“An unintentional act is prohibited, as he certainly does not intend to squeeze liquid from the sponge.”
It is difficult for me to not be enthusiastic about a Daf Yomi reading that starts with the feeding of a cat. I am a bit of a crazy cat lady. My bonding with my two Siamese cats has only become deeper since we have been locked up together since March. They are the only living creatures that I come into contact with most days, with the exception of the baristas at Starbucks who give me a big hello when I show up for my order of a venti skim iced latte.

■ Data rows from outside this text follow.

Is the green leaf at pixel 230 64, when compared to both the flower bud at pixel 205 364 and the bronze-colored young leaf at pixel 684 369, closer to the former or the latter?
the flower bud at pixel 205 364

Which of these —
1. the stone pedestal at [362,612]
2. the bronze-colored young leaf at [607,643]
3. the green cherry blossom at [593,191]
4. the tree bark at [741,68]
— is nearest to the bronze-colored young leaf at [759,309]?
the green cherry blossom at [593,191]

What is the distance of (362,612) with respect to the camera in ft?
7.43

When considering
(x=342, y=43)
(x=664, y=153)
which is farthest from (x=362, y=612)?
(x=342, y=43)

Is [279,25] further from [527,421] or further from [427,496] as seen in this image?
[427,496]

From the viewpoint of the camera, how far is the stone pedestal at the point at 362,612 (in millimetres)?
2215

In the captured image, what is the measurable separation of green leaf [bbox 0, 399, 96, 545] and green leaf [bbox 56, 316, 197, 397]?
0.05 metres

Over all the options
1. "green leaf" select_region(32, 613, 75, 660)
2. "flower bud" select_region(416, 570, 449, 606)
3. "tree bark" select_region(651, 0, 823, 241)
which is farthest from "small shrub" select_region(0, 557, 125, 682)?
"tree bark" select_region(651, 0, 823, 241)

Having said all that, finding relevant meaning in the last few days of Daf Yomi readings is certainly like the act of squeezing liquid from a sponge.
We are reminded of earlier guidance that one must feed his animals before himself. This is one of the tenets in the readings that has resonated with me, because anyone who lives with cats know that most will not tolerate much fussing around on your part ahead of feeding them upon awakening. Today we are told that Rava provides his cat with a special diet of duck intestines. He also feeds his dog the same diet, but let’s leave our canine friends out of the reading for today. We are told that it is permissible to move a duck’s intestines on Shabbat because one must feed his cat (always first.) This is because if he doesn’t feed his cat the meat immediately, it will become rancid. Interestingly enough, I feed my cats Blue Wildness duck and green pea dry kibble in addition to wet food. Duck is considered an acceptable hypo-allergenic food for cats with allergies which Siamese are susceptible to. Poultry in general is considered high in taurine, which is necessary for a cat’s well-being.

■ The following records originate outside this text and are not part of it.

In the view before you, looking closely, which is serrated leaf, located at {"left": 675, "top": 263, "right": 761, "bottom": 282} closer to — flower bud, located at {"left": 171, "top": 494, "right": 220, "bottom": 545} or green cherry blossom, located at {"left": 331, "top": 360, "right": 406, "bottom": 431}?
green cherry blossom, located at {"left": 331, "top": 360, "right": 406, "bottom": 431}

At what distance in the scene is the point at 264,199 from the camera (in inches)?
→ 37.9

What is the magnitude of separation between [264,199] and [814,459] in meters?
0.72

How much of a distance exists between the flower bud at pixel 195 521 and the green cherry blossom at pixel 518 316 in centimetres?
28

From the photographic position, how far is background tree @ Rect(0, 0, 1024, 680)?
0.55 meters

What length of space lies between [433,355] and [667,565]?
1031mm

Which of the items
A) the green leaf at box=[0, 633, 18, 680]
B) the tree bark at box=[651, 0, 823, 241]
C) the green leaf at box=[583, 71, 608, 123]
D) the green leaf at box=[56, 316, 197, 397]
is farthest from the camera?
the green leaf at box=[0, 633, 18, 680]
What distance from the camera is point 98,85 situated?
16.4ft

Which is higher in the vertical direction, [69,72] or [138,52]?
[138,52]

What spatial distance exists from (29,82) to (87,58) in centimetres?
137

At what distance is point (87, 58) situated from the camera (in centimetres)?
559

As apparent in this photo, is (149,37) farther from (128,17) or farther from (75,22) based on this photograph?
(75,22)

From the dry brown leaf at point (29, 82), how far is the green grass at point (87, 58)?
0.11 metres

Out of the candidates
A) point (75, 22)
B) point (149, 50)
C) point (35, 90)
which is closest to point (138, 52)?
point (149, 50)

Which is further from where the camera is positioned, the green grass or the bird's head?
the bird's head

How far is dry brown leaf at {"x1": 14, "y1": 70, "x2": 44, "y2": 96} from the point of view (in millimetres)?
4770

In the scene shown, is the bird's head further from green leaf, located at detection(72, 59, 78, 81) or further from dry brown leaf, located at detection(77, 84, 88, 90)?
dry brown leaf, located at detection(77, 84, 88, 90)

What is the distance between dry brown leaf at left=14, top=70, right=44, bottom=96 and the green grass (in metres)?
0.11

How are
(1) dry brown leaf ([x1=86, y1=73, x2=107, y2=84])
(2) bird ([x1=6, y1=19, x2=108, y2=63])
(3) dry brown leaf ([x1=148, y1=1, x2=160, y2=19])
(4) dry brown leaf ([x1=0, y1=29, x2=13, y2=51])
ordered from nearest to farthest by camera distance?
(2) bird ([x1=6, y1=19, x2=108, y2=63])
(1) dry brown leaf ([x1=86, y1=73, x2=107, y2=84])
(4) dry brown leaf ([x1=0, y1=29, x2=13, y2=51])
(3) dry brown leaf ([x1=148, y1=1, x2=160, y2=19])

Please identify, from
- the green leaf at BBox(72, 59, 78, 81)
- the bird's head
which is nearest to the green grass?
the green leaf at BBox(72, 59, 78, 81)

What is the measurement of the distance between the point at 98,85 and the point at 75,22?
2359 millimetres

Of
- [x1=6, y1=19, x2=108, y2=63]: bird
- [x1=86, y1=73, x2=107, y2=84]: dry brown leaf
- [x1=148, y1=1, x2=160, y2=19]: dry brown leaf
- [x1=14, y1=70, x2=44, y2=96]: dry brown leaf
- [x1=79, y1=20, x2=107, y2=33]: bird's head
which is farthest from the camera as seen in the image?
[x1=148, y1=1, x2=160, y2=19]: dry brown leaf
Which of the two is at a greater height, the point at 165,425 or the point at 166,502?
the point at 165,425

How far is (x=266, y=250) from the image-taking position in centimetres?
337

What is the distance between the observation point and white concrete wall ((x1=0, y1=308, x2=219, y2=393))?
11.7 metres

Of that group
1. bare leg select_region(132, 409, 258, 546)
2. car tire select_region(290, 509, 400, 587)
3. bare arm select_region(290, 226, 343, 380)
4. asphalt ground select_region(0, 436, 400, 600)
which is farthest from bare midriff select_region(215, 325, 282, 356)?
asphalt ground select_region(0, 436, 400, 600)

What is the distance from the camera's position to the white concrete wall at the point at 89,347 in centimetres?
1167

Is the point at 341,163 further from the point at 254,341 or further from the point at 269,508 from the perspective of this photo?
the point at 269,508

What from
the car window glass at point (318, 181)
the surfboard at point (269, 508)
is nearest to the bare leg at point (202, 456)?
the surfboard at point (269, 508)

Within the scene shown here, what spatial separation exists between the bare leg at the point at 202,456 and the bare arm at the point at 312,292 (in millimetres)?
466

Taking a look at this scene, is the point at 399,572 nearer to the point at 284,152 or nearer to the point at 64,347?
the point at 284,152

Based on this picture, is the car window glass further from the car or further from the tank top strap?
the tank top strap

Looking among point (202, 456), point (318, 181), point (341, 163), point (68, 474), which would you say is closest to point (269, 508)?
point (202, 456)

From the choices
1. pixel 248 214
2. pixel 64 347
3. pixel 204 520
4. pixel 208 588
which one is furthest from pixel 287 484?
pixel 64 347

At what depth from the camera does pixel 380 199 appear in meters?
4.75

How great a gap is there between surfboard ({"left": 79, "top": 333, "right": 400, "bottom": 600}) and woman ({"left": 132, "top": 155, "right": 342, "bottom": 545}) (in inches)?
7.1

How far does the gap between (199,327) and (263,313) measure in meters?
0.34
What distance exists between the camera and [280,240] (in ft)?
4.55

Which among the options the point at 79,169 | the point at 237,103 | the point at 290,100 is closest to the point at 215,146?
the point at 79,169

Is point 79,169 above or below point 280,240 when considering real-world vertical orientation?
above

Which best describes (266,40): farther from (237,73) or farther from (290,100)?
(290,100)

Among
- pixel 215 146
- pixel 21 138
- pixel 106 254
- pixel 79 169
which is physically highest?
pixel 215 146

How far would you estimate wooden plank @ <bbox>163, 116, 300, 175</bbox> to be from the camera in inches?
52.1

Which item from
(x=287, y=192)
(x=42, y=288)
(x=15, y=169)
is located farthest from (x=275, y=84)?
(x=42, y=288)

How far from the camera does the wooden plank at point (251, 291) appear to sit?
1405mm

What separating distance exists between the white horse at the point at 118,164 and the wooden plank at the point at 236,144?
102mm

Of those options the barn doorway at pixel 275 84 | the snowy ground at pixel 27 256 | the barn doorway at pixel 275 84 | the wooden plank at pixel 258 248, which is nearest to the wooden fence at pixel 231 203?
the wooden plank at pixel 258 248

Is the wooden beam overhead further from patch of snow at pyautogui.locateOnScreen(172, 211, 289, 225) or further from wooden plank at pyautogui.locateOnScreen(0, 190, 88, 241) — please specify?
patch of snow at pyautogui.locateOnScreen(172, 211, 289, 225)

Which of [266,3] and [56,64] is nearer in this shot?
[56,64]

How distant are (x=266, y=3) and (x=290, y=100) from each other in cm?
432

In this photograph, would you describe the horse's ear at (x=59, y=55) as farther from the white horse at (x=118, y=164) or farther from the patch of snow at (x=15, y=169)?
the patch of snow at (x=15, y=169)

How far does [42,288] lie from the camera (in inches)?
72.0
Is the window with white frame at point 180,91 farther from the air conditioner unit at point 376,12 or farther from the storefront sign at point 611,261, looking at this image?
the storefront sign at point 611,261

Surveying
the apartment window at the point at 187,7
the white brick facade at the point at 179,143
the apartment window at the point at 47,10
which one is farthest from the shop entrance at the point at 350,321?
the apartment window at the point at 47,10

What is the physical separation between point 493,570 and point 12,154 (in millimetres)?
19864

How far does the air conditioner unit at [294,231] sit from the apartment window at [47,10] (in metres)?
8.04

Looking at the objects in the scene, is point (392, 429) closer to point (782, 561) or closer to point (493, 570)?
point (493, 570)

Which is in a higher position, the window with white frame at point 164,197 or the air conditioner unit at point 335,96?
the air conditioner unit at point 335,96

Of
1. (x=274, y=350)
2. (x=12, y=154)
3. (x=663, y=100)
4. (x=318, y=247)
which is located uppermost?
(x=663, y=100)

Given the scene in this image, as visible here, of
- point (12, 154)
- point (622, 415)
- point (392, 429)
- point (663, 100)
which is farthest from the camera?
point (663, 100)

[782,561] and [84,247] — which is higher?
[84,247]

We are provided with a glimpse into the domestic life of Rabbis in today’s Daf Yomi. From what I can tell, they were messy eaters and sometimes rather crude. We are told that Rav Sheshet would spit out date pits and Rav Pappa would dispose of them behind the divan where he would sit. Rabbi Zekharya ben Avkolasw would try to hide his by placing them behind the sofa when no one was looking. I can only imagine what their wives found when they moved the furniture around and found a collection of date pits. (And it would have been the wives who would sweep them up.)

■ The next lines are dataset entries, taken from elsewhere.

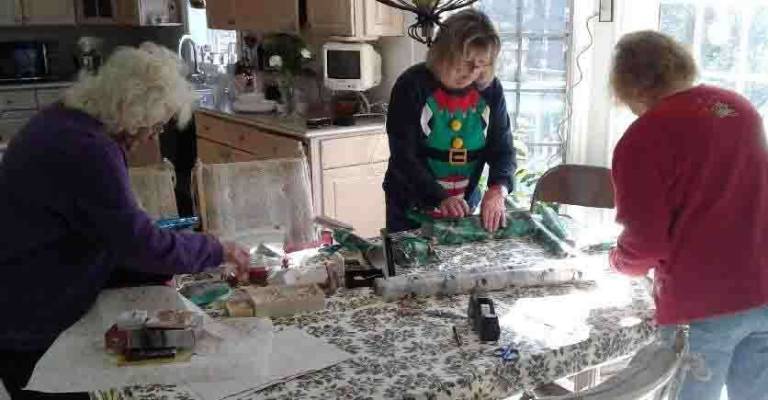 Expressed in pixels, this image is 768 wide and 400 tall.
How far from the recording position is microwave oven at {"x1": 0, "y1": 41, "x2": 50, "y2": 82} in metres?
5.06

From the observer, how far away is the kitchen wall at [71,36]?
534cm

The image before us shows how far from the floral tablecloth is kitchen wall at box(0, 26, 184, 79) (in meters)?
4.62

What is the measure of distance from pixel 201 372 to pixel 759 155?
1141mm

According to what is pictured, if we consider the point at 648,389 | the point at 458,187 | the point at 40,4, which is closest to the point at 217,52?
the point at 40,4

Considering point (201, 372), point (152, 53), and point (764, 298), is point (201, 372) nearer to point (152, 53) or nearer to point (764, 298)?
point (152, 53)

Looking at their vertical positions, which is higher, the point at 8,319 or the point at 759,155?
the point at 759,155

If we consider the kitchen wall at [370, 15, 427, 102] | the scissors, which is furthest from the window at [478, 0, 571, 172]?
the scissors

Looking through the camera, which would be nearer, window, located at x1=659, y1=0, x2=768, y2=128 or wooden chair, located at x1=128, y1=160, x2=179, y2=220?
wooden chair, located at x1=128, y1=160, x2=179, y2=220

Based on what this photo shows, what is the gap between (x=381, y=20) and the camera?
360 centimetres

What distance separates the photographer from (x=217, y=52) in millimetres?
5250

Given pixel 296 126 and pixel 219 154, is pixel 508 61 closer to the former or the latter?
pixel 296 126

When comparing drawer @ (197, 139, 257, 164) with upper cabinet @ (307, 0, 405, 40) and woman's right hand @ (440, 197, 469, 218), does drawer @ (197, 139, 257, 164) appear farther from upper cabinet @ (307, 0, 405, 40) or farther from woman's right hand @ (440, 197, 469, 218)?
woman's right hand @ (440, 197, 469, 218)

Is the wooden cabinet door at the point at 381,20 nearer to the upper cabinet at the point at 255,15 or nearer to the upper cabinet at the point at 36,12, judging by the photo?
the upper cabinet at the point at 255,15

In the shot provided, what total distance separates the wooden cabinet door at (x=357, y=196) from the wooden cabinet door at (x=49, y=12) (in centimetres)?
295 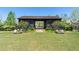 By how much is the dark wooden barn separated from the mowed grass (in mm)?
126

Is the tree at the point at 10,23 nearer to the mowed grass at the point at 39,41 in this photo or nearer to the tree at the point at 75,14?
the mowed grass at the point at 39,41

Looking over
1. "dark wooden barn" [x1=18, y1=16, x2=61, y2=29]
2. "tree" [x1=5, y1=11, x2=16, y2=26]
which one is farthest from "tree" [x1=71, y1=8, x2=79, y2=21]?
"tree" [x1=5, y1=11, x2=16, y2=26]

And so, after all this time, we come to this: a thesis on the lowly sponge. We are told that if the sponge has a leather handle, one may wipe a table with it, but otherwise, he cannot, “lest he come to squeeze liquid from it.” A group of unnamed Rabbis disagree and say that a sponge can be moved regardless of its handle on Shabbat because “a sponge is not among the substances that can become ritually impure, neither by Torah law nor by rabbinic decree.” Clearly, this group of Rabbis were not concerned about germs that breed on most kitchen sponges, which serve as vessels of impurity as they contaminate every surface they touch. I doubt they had anti-bacterial sponges 1,500 years ago and they most probably used those sponges for quite a long time. Rabbi Shimon voiced his concern and said that if the unintended consequence of using a sponge is to squeeze it, which is an action prohibited on Shabbat, one may not use the sponge. He reminds us that if you “cut off its head will it not die.”
It seems that among all the back and forth on sponges is another prohibition related to squeezing: one may not squeeze a fruit on Shabbat. Rabbi Yehuda clarifies and says that fruit that leaks juice that is destined for eating is permitted, but if it is designated for juicing it is prohibited. So, we can eat a flavorful orange on Shabbat, but we can’t put it in our juicer for our morning brunch. And olives and grapes are entirely out, because they are “generally used for squeezing.” There is some disagreement among the Rabbis on mulberries and pomegranates, which are given intermediate status.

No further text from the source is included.